Of course, it is no substitute for the real thing, but this effort by SSWC and ITMA to keep it lit offers something positive for those who have been missing the music. Further details are available at itma.ie.
Speaking of “things archival,” I’ve been listening to an incredible two-disc set featuring the playing of Sligo fiddling legend Michael Gorman called “The Great Fiddle Player,” of which readers here should be aware. It’s largely comprised of non-commercial releases made in a variety of settings, like privately made acetates at home & in shops, and ones made “in the field,” and as such paint a multifaceted picture of a great musician who deserves to be more widely appreciated. It’s a must-have for fiddlers, but given Gorman’s sterling musicality, it should appeal to anyone who loves “pure drop” playing – if you’re looking for “it,” you need look no further.
Gorman was born in 1895 to Irish parents working in Scotland, but returned home in 1905 after the passing of his mother. His father and siblings settled in Doocastle on the Mayo/Sligo border and it was there that young Michael took up the fiddle and learned from James Gannon, a man who also happened to teach the great Michael Coleman. Gorman moved around quite a bit for seasonal work starting around 1910 – Scotland and England, mostly – and made his home in England more permanent after he married in 1916. Although he returned to Ireland for a brief period in later years, he made his relocation to England final just before World War II. From then on, he was a significant influence on London’s Irish music scene, up until his passing in 1970.
Gorman was a great player, but he was also an important teacher, and for years his house was an established meeting place for musicians. Among those he influenced one way or another include greats like John Vesey, Bobby Casey, Willie Clancy, Jimmy Power, Martin Byrnes, and Martin Wynne. But in 1953, he met the inimitable Margaret Barry and together they forged a very fine musical partnership that yielded several seminal albums that are remembered today.
The music on “The Great Fiddle Player” illustrates these diverse elements of Gorman’s musical life well. The “Geese in the Bog,” for example, is lovely. But it was recorded live in the Bedford Arms in Camden Town, so the energy here is lively and evocative, enhanced by the cash registers ringing in the background. Similarly, “Sligo Maid / Molloy’s,” both tunes Gorman would have learned directly from Gannon, were recorded with Margaret Barry’s accompaniment at the Cecil Sharp House in Camden Town. They’re rugged and beautifully done. “Down the Broom / The Pigeon on the Gate,” which was recorded as a custom private acetate in the late 40s/early 50s flashes a younger Gorman, bursting with energy.
The set also affords listeners opportunities to hear how Gorman’s music changed over time. For example, it includes two versions of Gorman’s infamous composition “The Mountain Road,” the two part original, and a later six part version. This six part version is prefaced with a wonderful interview segment of Gorman talking about how the tune got its name. It also includes two versions of “Doctor Gilbert,” one recorded c.late 40s/early 50s, and the other in 1968. The similarities and differences in tone and delivery between the two are fascinating.

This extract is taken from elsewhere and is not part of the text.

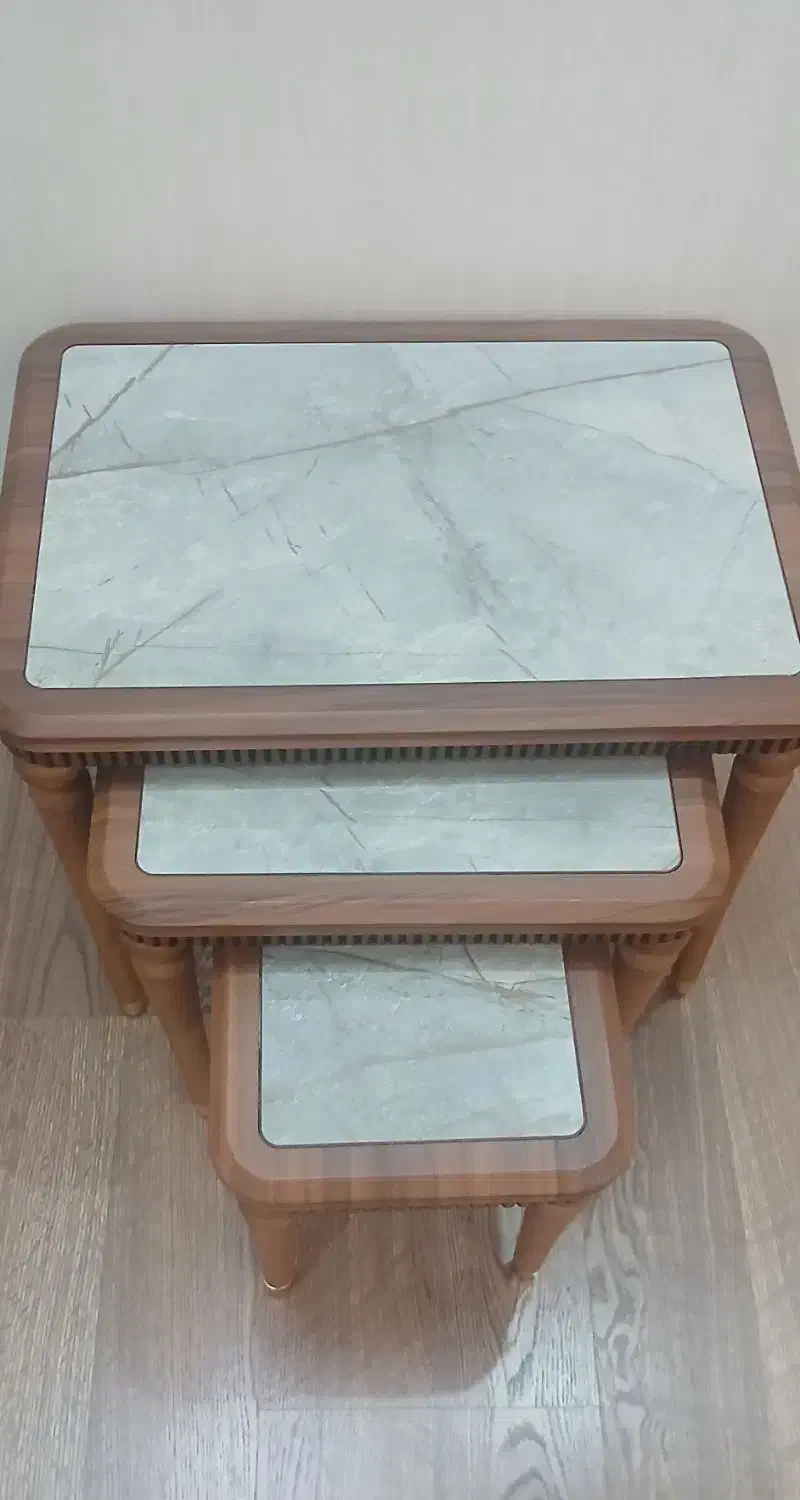 میز ۳ تیکه|میز و صندلی غذاخوری|شاهین‌شهر, فردوسی|دیوار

A small number of other tracks are included here that give a sense of the milieu out of which Gorman came. For example, there are a couple of early commercial recordings of Peter Wyper, who was one of Gorman’s influences. There’s also a recording of his brother Martin singing “Highland Mary,” which is excellent and adds to the story.

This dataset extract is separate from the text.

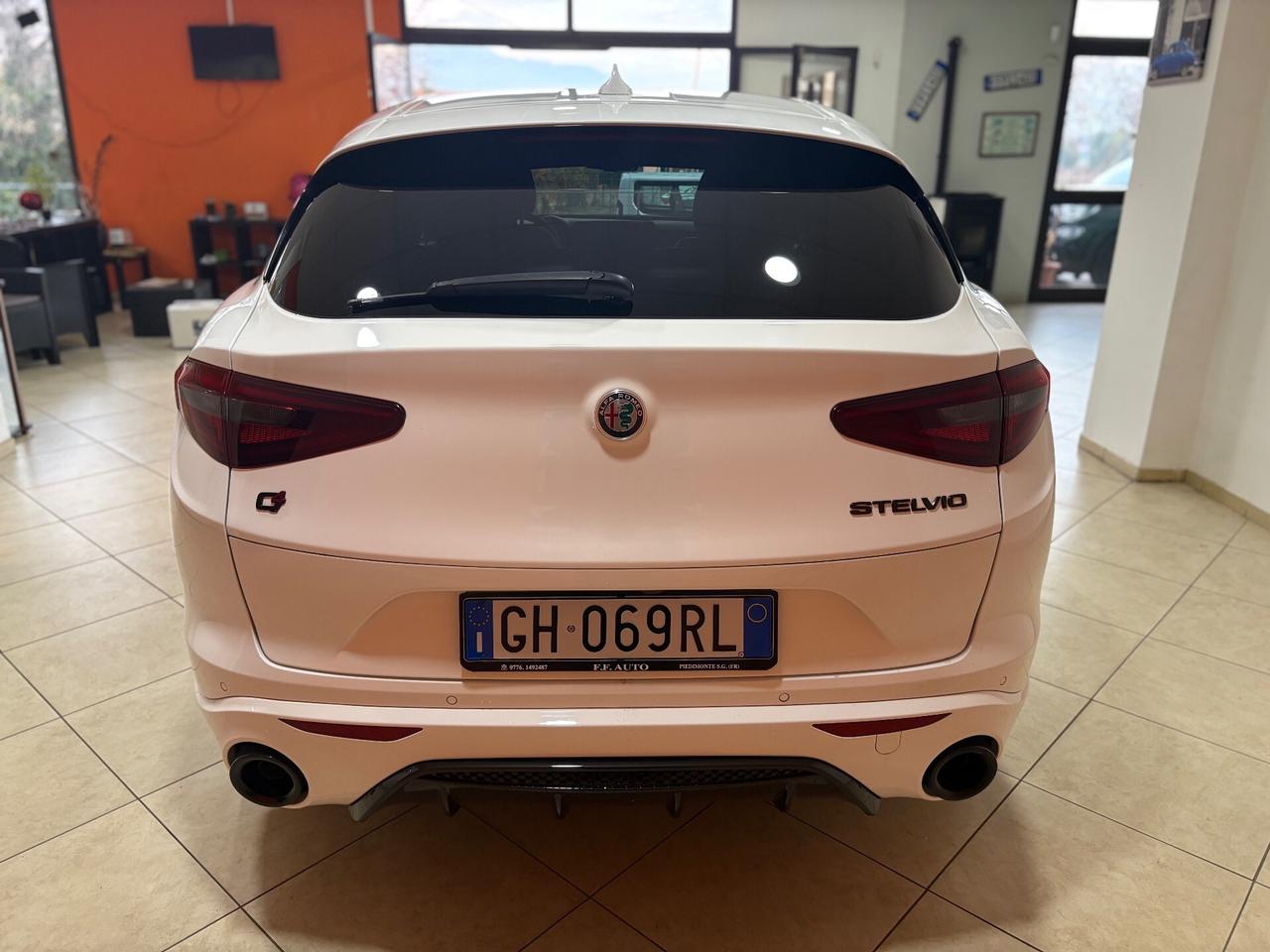 Alfa Romeo Stelvio 2.2 210 CV AT8 Q4 Estrema permute finanziamenti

“The Great Fiddle Player” reinforces Gorman’s genius. Although not a technician of, say, Coleman’s level, Gorman’s playing was nonetheless marvelous. He had great tone, brilliant rhythm, and possessed a sense of phrasing and lift most befitting of his Co. Sligo heritage. This album, especially in combination with another Gorman collection “The Sligo Champion” (Topic Records, 2001), gives a detailed perspective on a player whose legacy should be more widely celebrated. This album is highly recommended and again, is a must for every fiddle player out there. It’s available through its producer Lamond Gillespie’s website, lamondgillespie.co.uk. (Incidentally, Gillespie also produced the amazing Jimmy Power album I wrote about here in 2018. While you’re at Gillespie’s site ordering the Gorman release, take a look at the Power recording, too, and save on postage!)